Esuberi all’Algida di Caivano, la Ugl “Vogliamo vedere i conti”
03/10/2011, 13:10

“Sarebbe una misura di una gravità senza precedenti” è questa la dichiarazione che ha rilasciato a caldo il Segretario Provinciale della Ugl Agroalimentare di Napoli Maurizio Figlioli commentano la notizia secondo la quale ci sarebbero 180 esuberi allo stabilimento Algida di Caivano. “Appena un anno fa ”argomenta il sindacalista “il management aziendale illustrò presso la sede di Confindustria Napoli i dati relativi alla produzione di gelati in Italia dai quali emergeva che seppur con costi maggiormente elevati rispetto allo stabilimento di Heppenheim, in Germania, si riusciva a saturare il mercato interno.

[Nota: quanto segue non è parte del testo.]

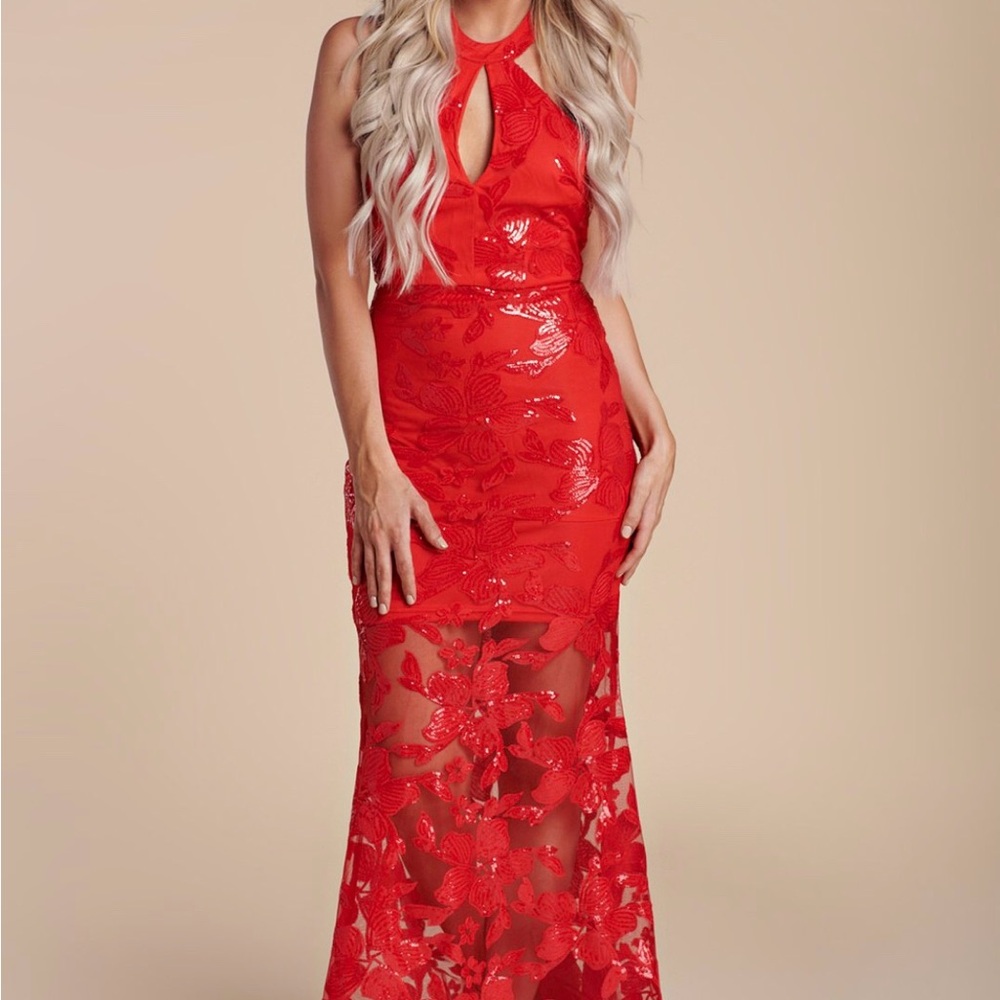 Red sequin halter dress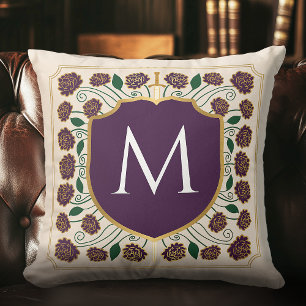 Eggplant Medieval Sword Shield Monogram Throw Pillow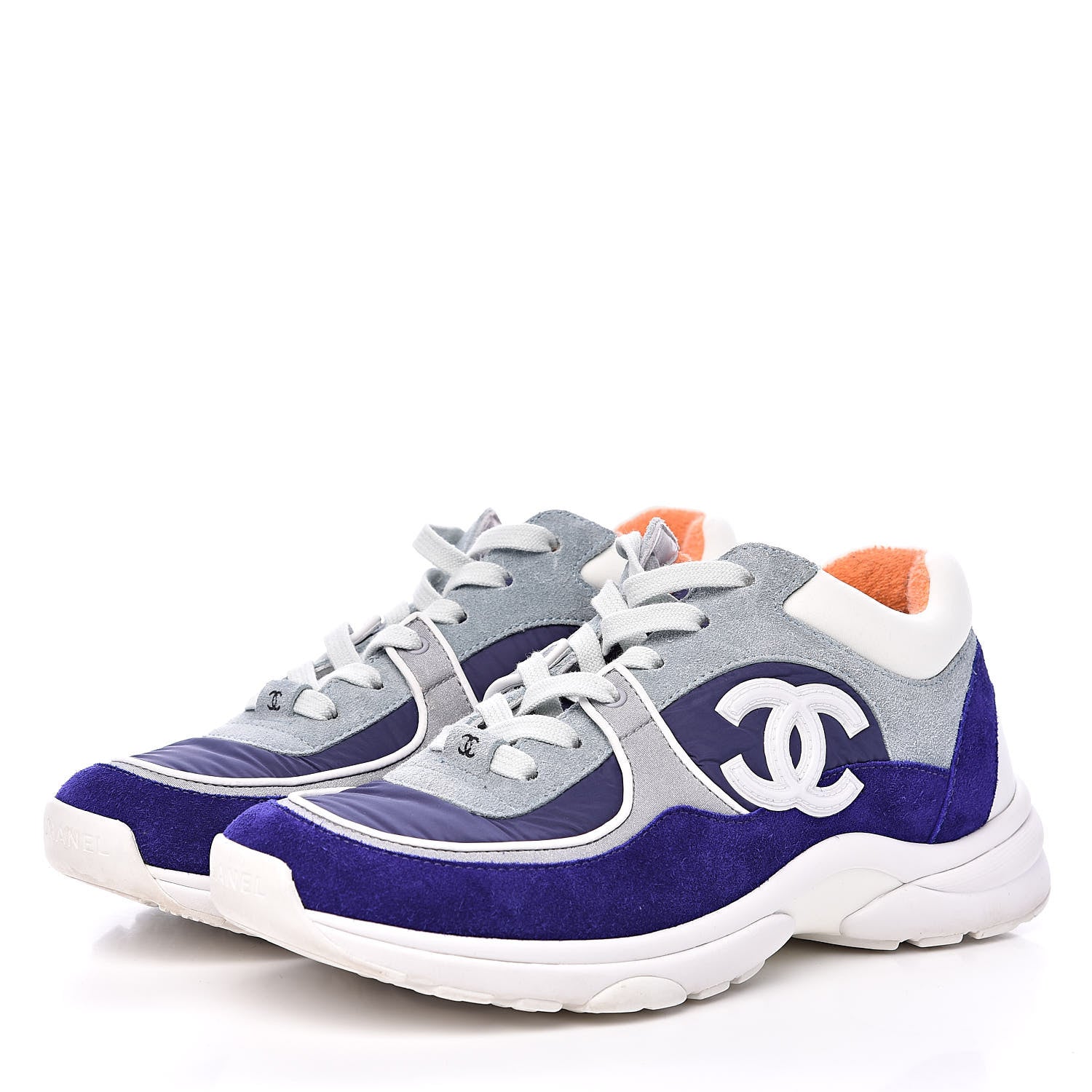 Chanel Nylon Lambskin Suede Calfskin Womens Logo Sneakers 39 Blue Coral 3 of 9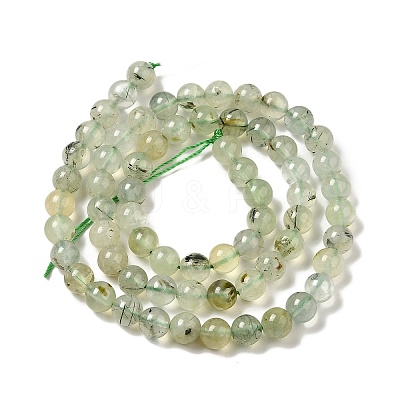Natural Prehnite Beads Strands G-S333-6mm-032-1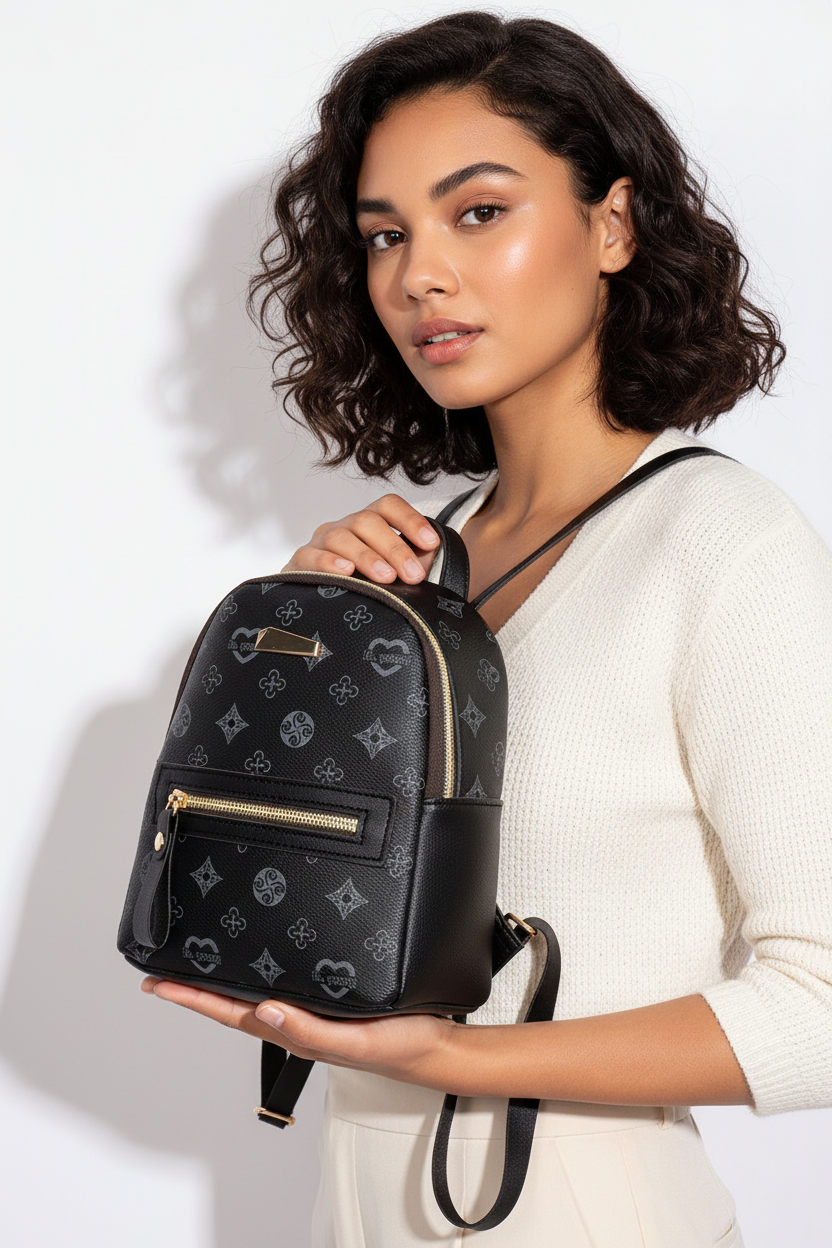 Black Colored Printed Mini Backpack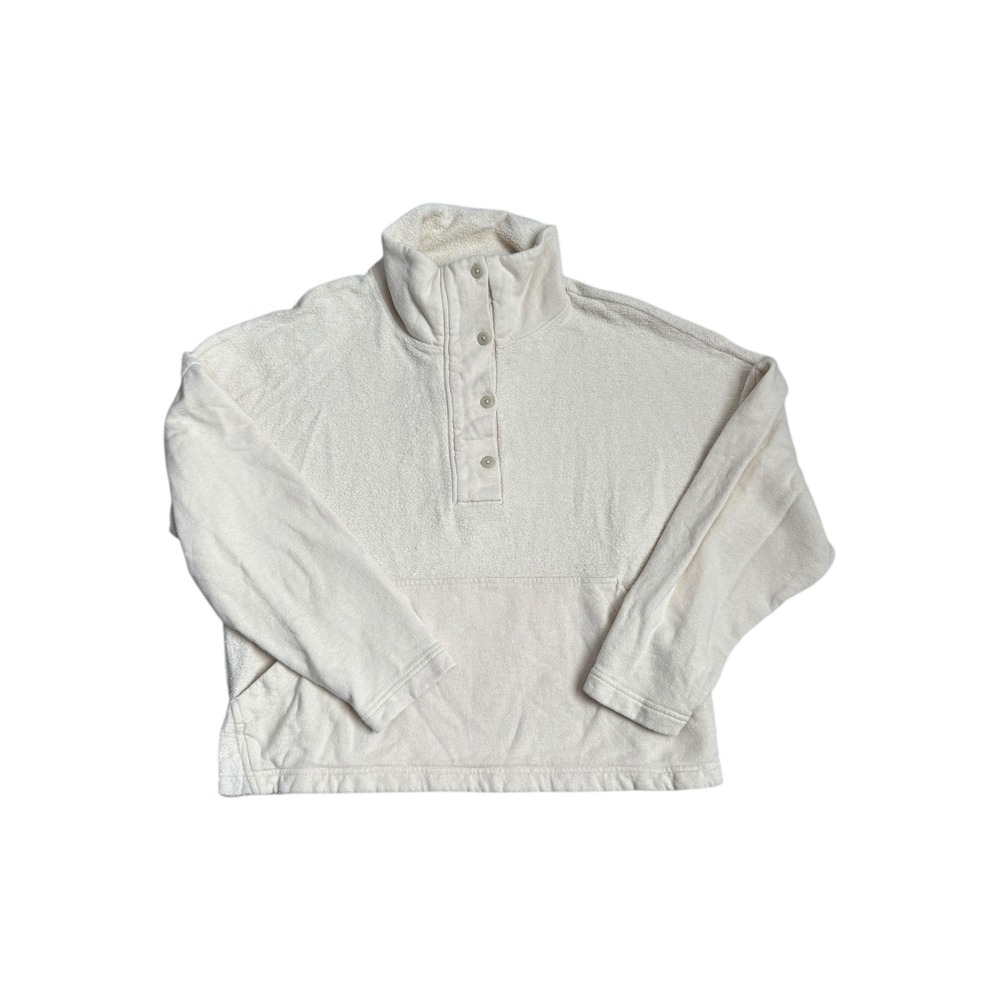 REI Cooperative Women's Wallace Lake Hemp Cotton Pullover Mock Neck Beige Size S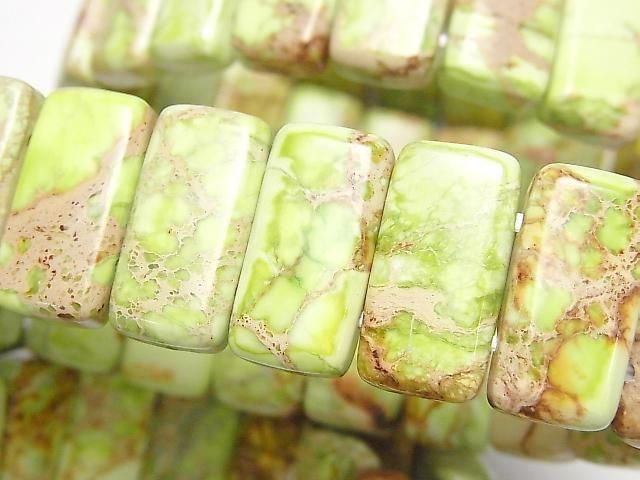 綠色高嶺石雙孔長方手鍊 (20x10x6mm 一串)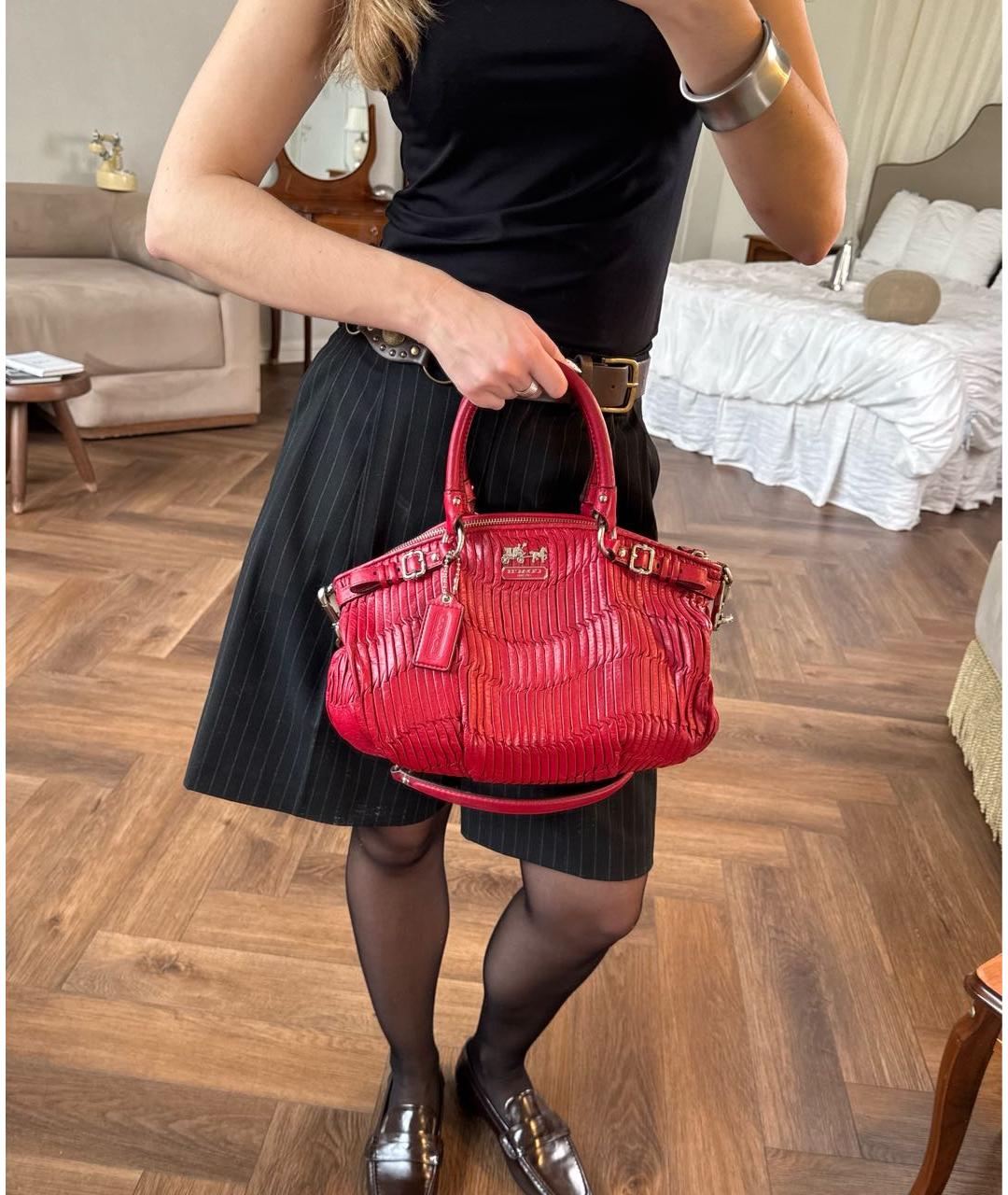 COACH Красная кожаная сумка тоут, фото 7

Ora, anche senza voler valutare l’incidenza che comporterebbero i costi della logistica necessari a consentire i trasferimenti continentali ed il mantenimento della catena del freddo, non riusciamo a comprendere come si può pensare di snellire una unità produttiva che lavora a turni di 6 notti con il costante ausilio di circa 500 stagionali”.

”Un eventuale calo della produzione non può da solo giustificare una decisione del genere” fa sapere il Segretario regionale Ferdinando Palumbo. “Prima di assumere qualunque decisione pretendiamo di visionare ogni singola posta del bilancio dell’azienda ed i dati sulla marginalità, poiché vogliamo capire se ciò che viene prospettato ha un fondamento economico. Soltanto allora “conclude il sindacalista “saremo disposti a discutere nel merito”.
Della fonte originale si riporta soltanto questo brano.